▶ Action item: What follows is a set of records; restate each one word for word and drop the pictures.

------

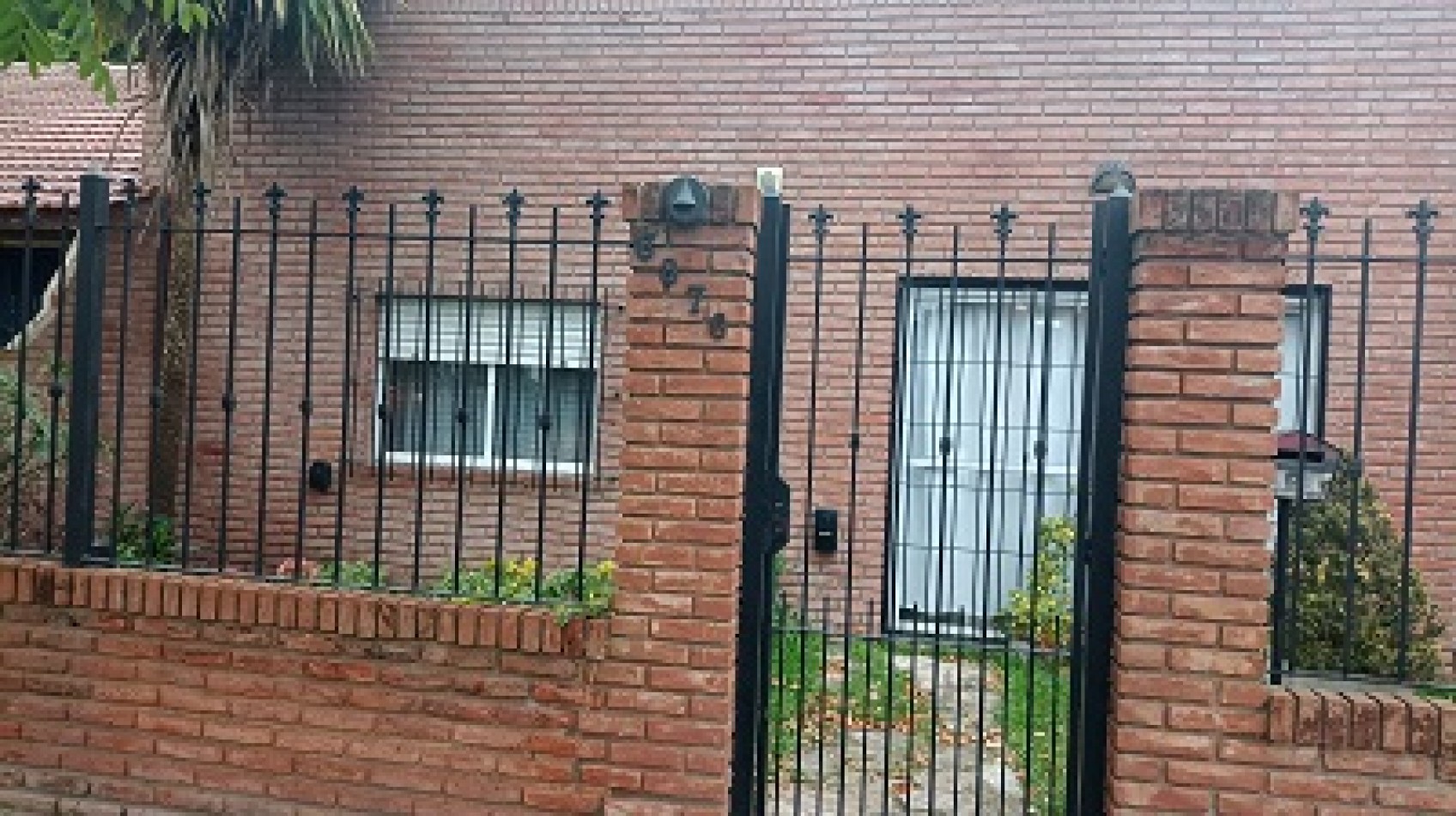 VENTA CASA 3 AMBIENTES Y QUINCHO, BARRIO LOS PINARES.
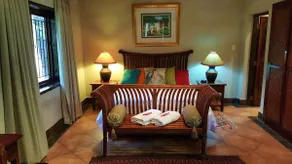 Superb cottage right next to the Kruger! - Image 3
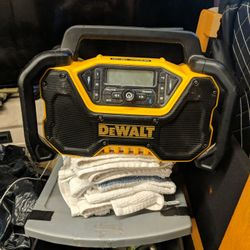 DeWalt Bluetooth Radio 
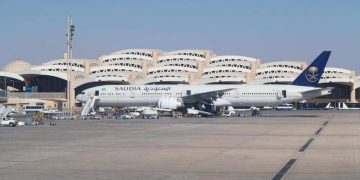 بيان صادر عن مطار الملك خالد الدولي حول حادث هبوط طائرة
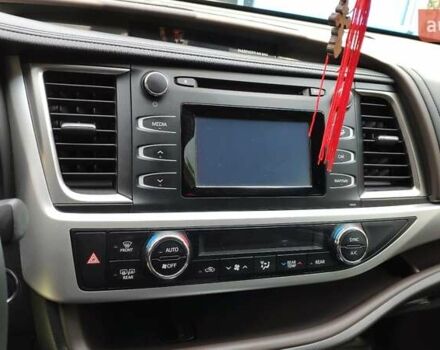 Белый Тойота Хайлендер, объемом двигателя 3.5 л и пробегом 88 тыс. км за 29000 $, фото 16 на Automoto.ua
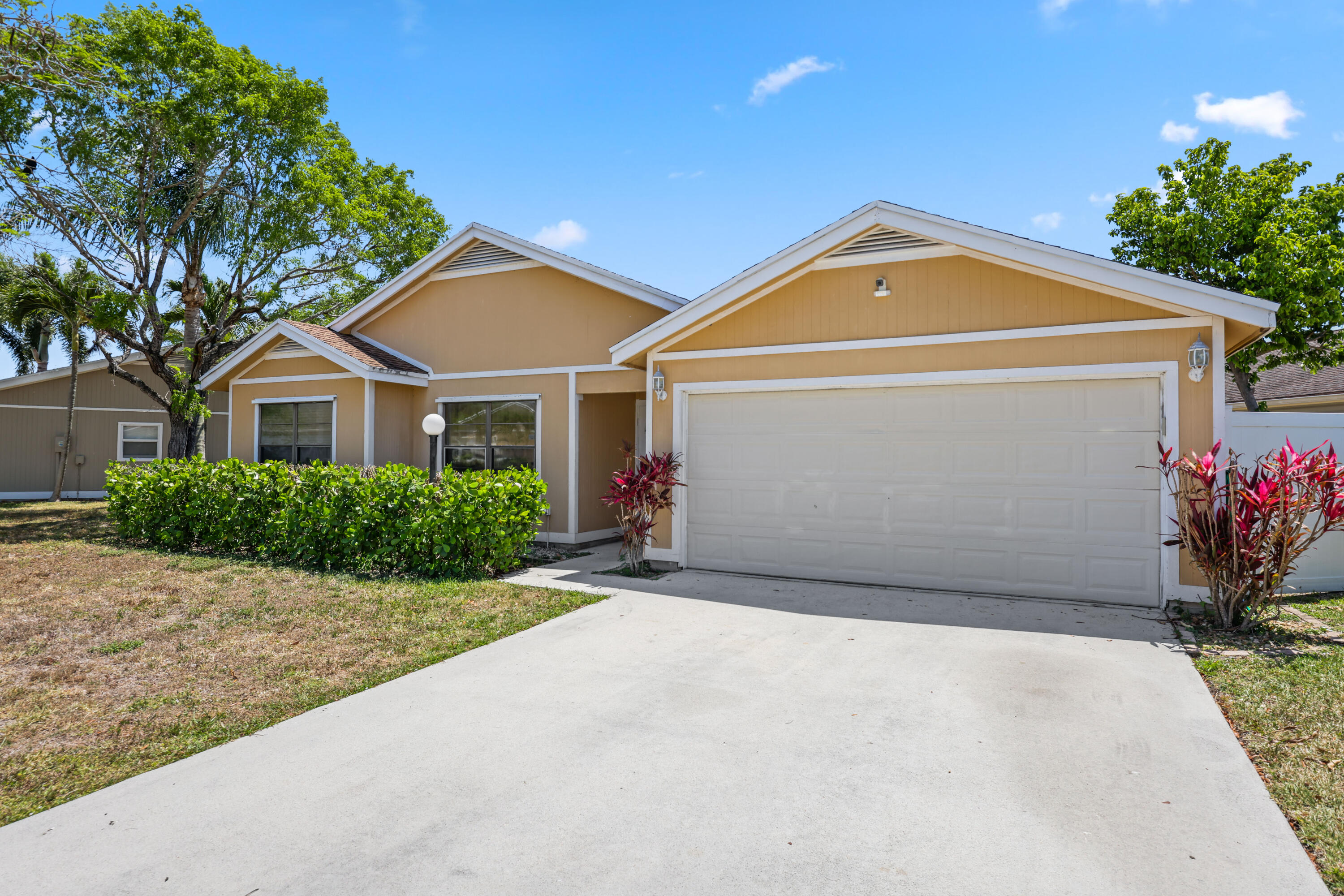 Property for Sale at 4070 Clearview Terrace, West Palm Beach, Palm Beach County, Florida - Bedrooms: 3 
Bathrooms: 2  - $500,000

------

▶ Problem solution:
 VENTA CASA 3 AMBIENTES Y QUINCHO, BARRIO LOS PINARES.
 Superb cottage right next to the Kruger! - Image 3
 DeWalt Bluetooth Radio 
 بيان صادر عن مطار الملك خالد الدولي حول حادث هبوط طائرة
 Белый Тойота Хайлендер, объемом двигателя 3.5 л и пробегом 88 тыс. км за 29000 $, фото 16 на Automoto.ua
 Property for Sale at 4070 Clearview Terrace, West Palm Beach, Palm Beach County, Florida - Bedrooms: 3 
Bathrooms: 2  - $500,000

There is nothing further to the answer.